• _Dataset content_
=== Section Start ===

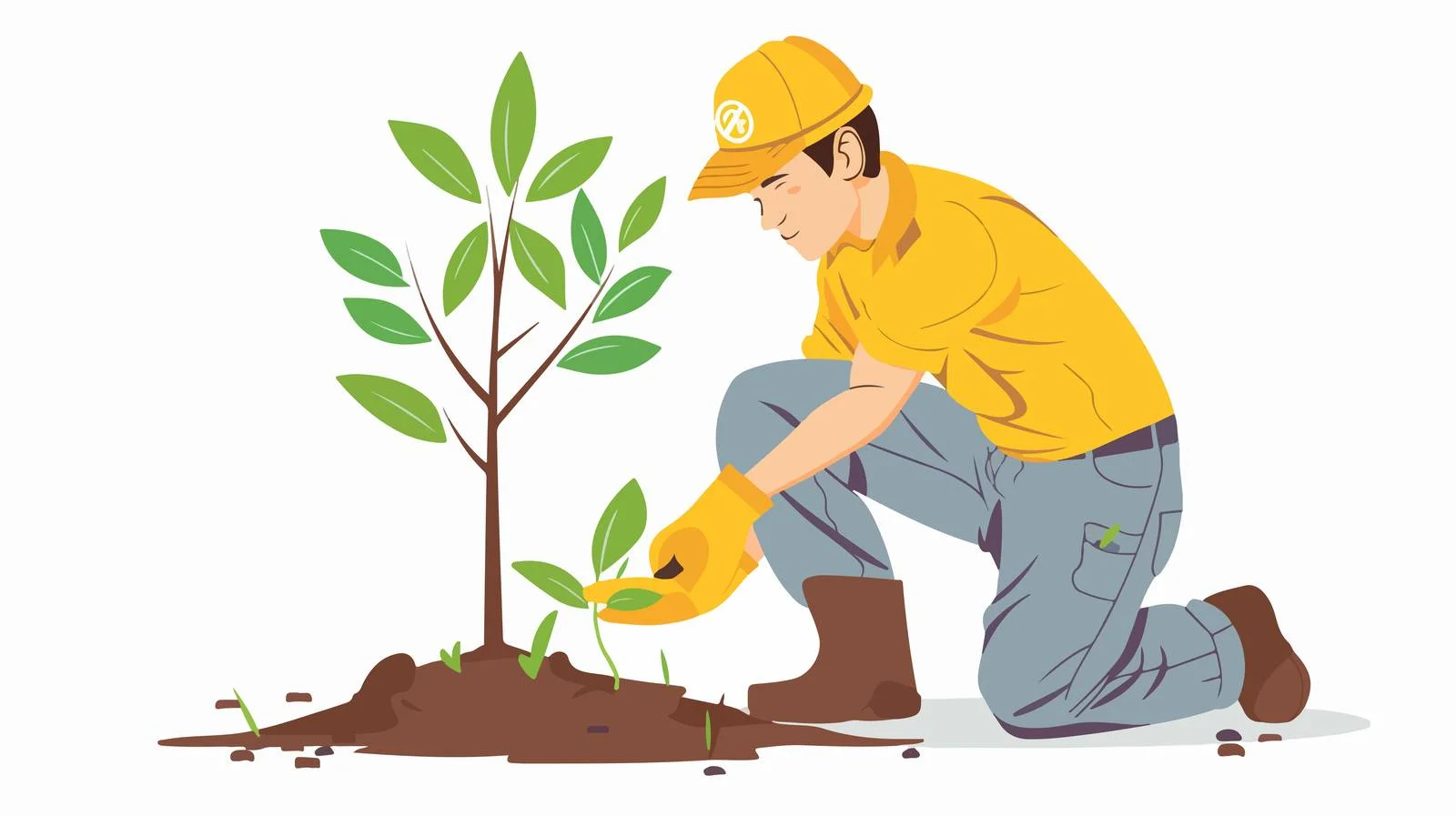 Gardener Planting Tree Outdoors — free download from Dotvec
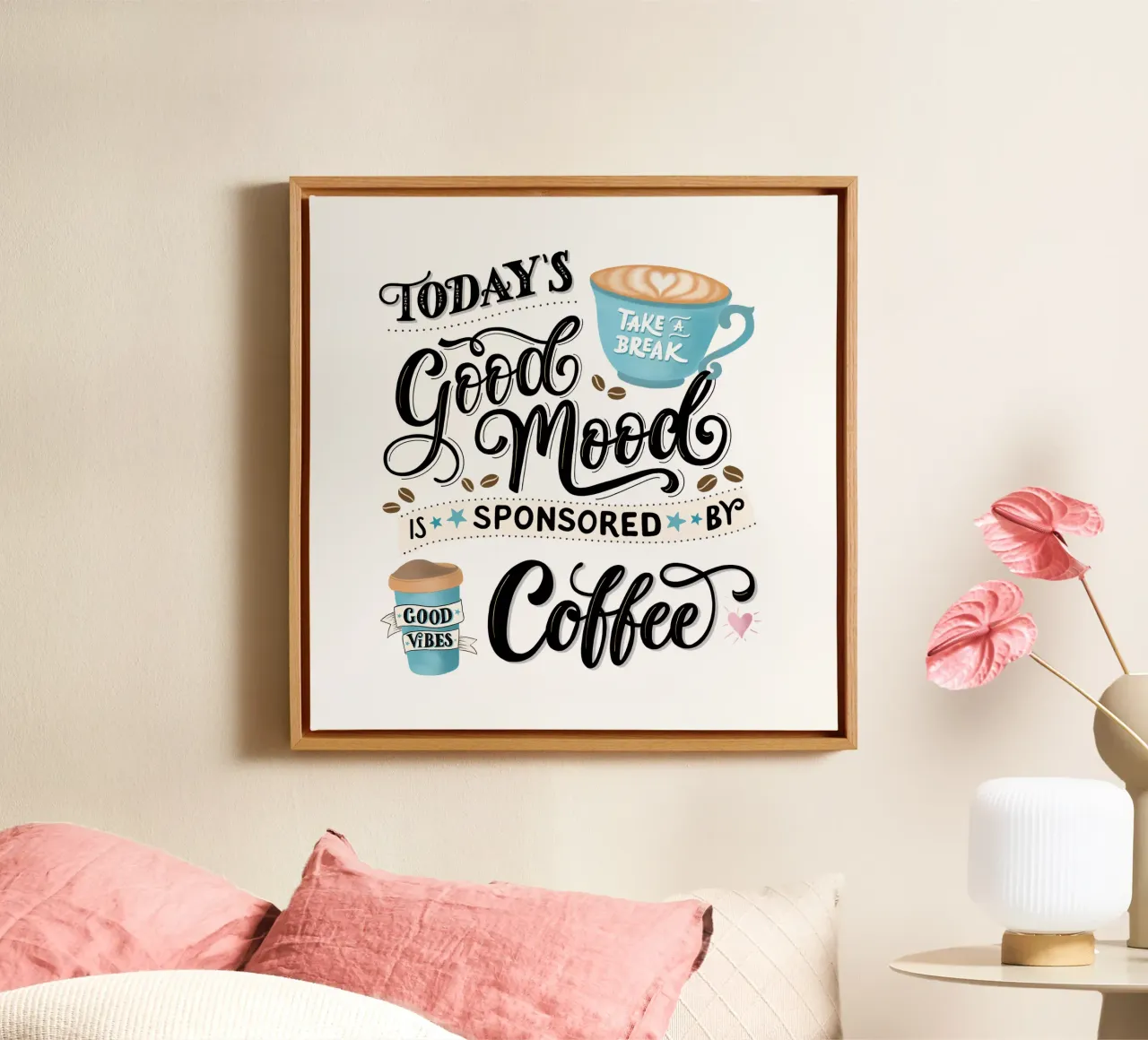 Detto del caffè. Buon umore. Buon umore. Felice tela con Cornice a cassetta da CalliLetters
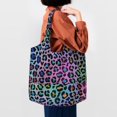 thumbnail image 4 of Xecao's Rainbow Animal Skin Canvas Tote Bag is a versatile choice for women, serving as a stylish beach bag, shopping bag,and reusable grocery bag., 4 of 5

=== Section End ===

• _What you have to do_
Retype, word for word, only the line holding "Detto del caffè." and the lines after it through the final line of the listing above, and leave every picture out.

• _Result of this task_
 Detto del caffè. Buon umore. Buon umore. Felice tela con Cornice a cassetta da CalliLetters
 thumbnail image 4 of Xecao's Rainbow Animal Skin Canvas Tote Bag is a versatile choice for women, serving as a stylish beach bag, shopping bag,and reusable grocery bag., 4 of 5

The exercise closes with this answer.